Instructions to follow => Nothing but the lines from the first line of the entries through the line with "Oriental Shorthair Cats" should appear in the answer, transcribed exactly and free of pictures.
*** Block opens ***
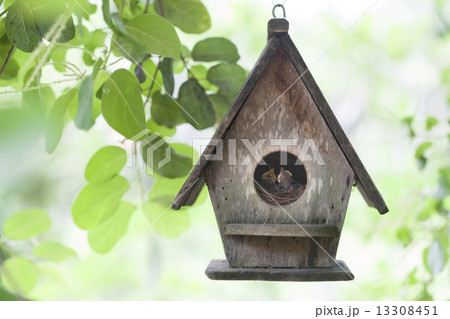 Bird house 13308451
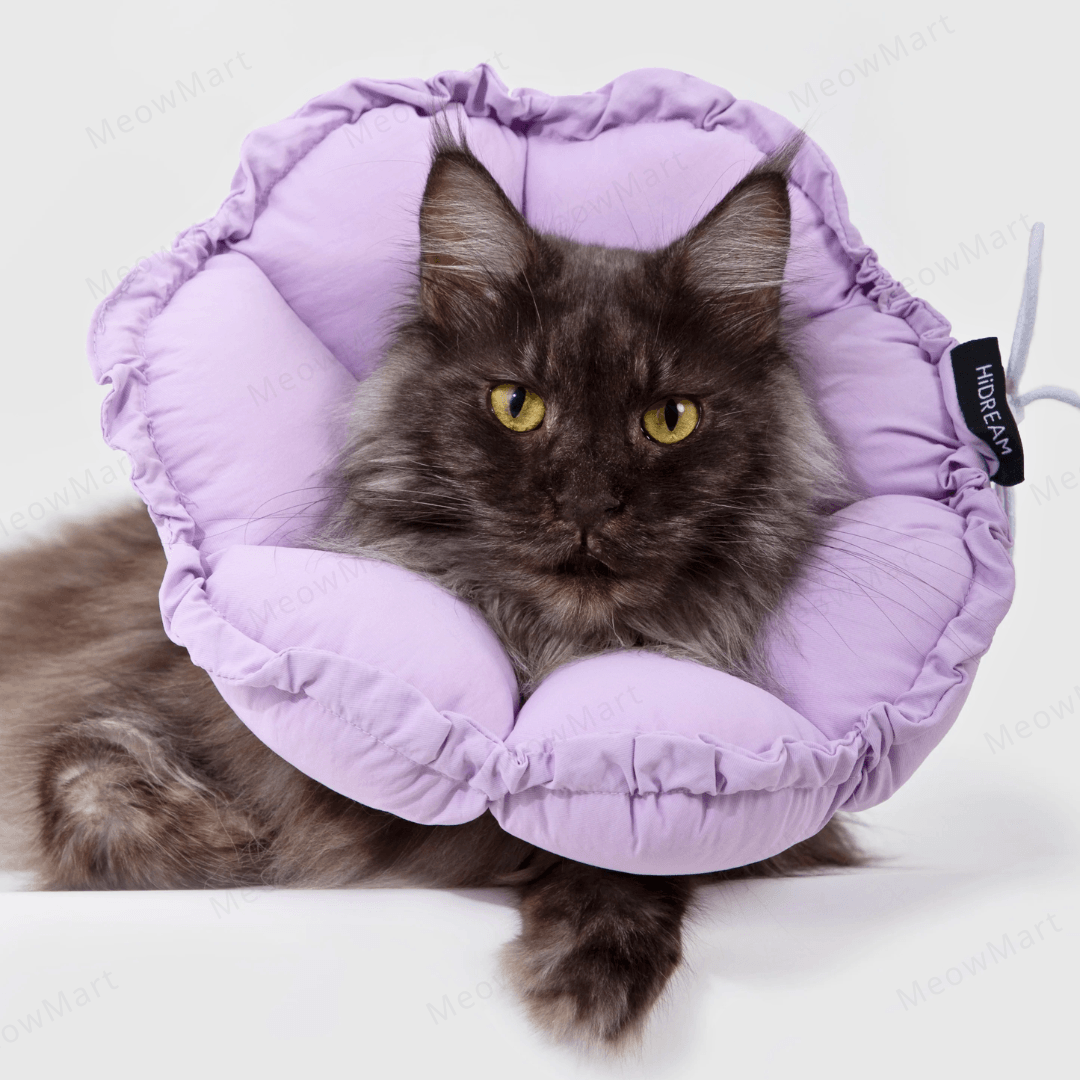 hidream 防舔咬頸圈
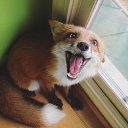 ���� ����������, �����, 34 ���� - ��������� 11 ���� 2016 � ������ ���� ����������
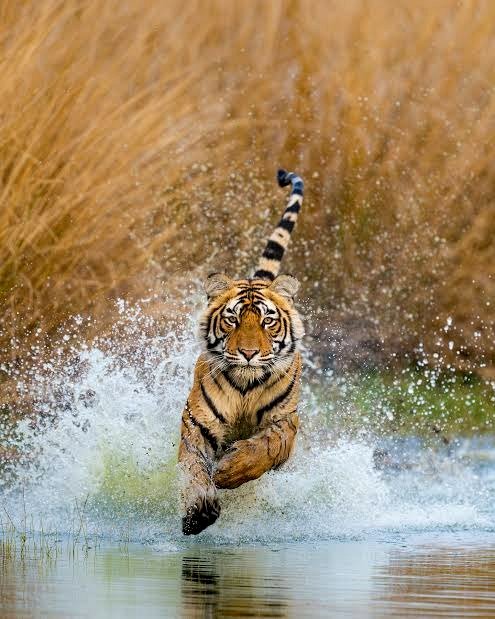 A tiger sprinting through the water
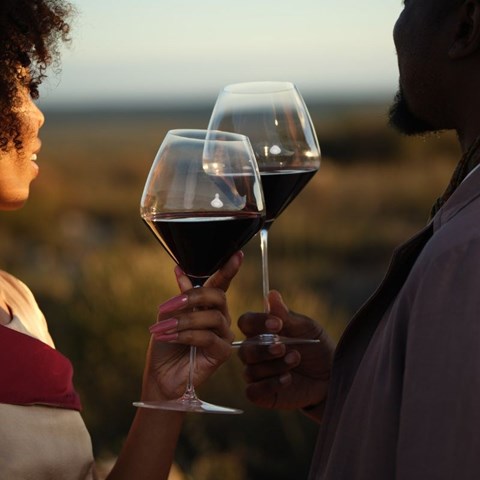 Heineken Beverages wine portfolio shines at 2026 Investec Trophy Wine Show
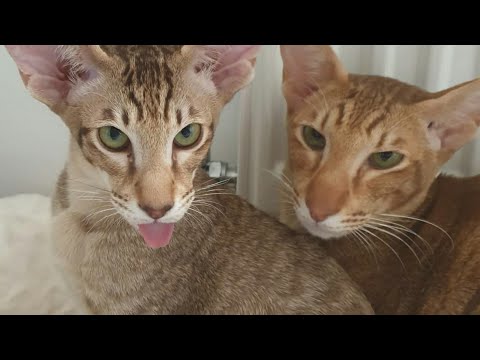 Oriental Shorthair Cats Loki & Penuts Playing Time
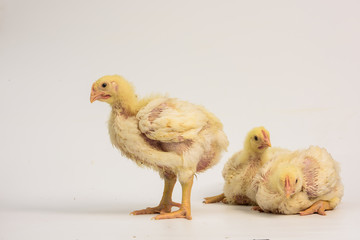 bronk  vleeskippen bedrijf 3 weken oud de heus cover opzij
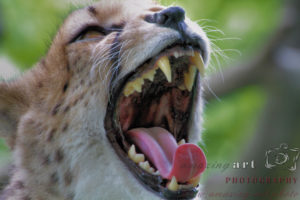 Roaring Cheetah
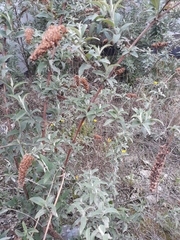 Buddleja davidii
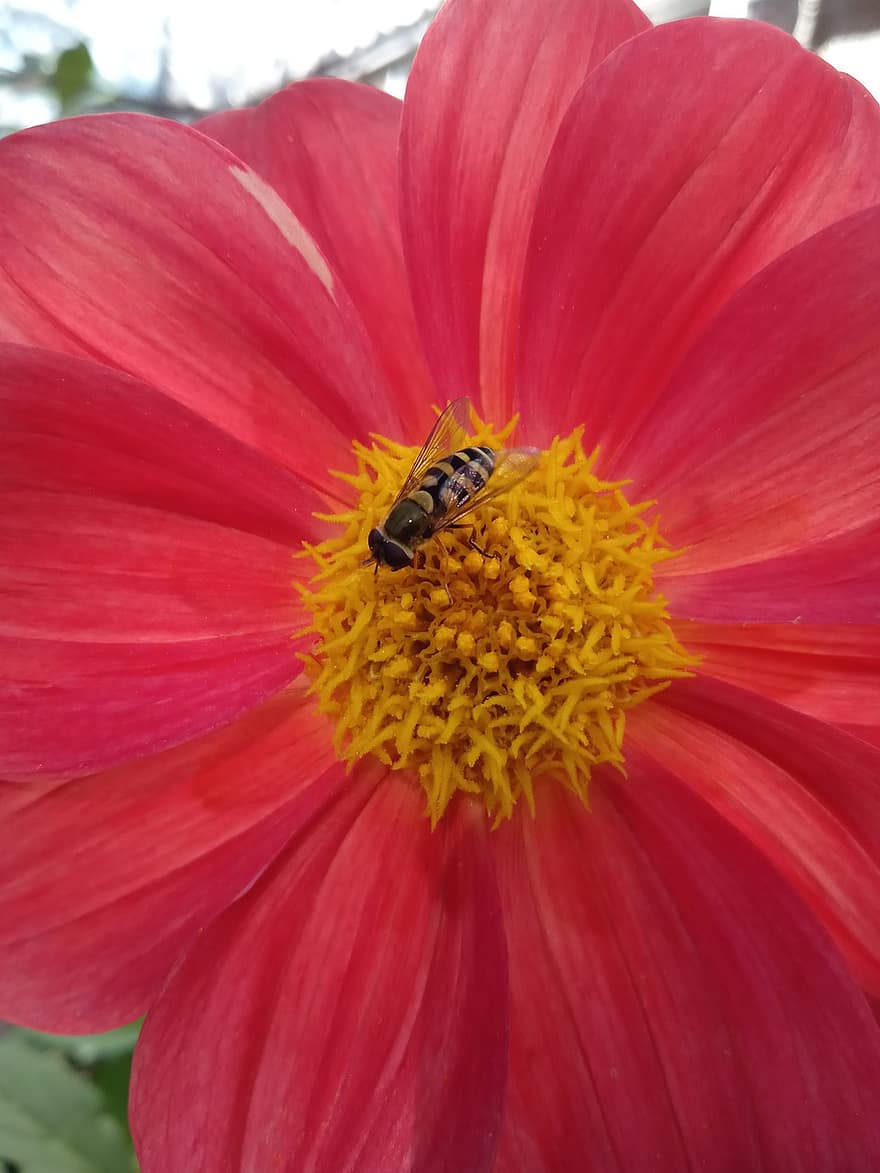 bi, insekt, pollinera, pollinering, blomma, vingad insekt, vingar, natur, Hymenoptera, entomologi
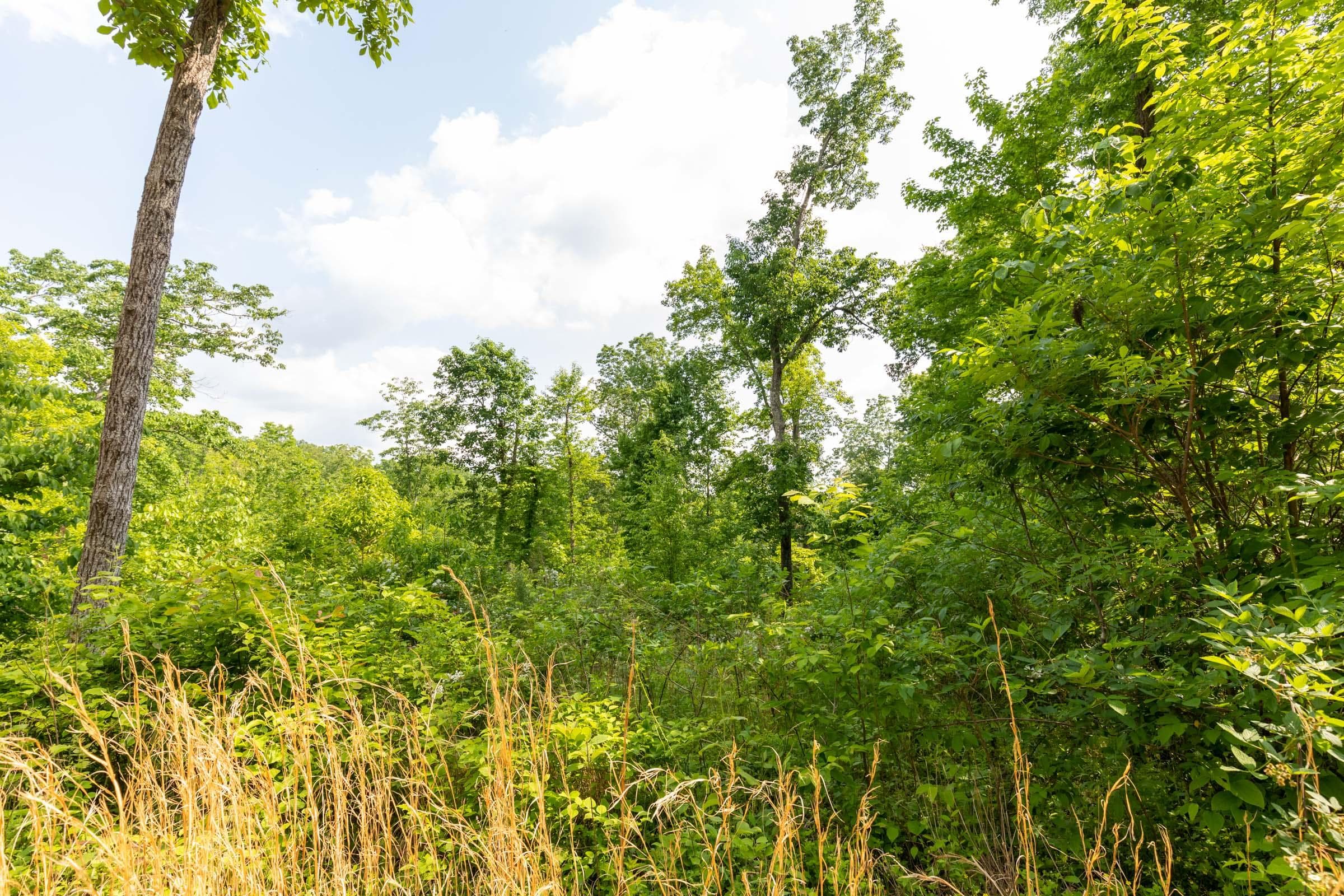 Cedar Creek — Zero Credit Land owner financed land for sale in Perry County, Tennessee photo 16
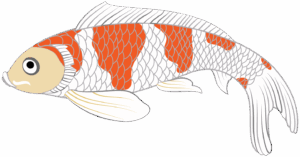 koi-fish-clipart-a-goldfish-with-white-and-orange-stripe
*** Block closes ***
Expected answer =>
 Bird house 13308451
 hidream 防舔咬頸圈
 ���� ����������, �����, 34 ���� - ��������� 11 ���� 2016 � ������ ���� ����������
 A tiger sprinting through the water
 Heineken Beverages wine portfolio shines at 2026 Investec Trophy Wine Show
 Oriental Shorthair Cats Loki & Penuts Playing Time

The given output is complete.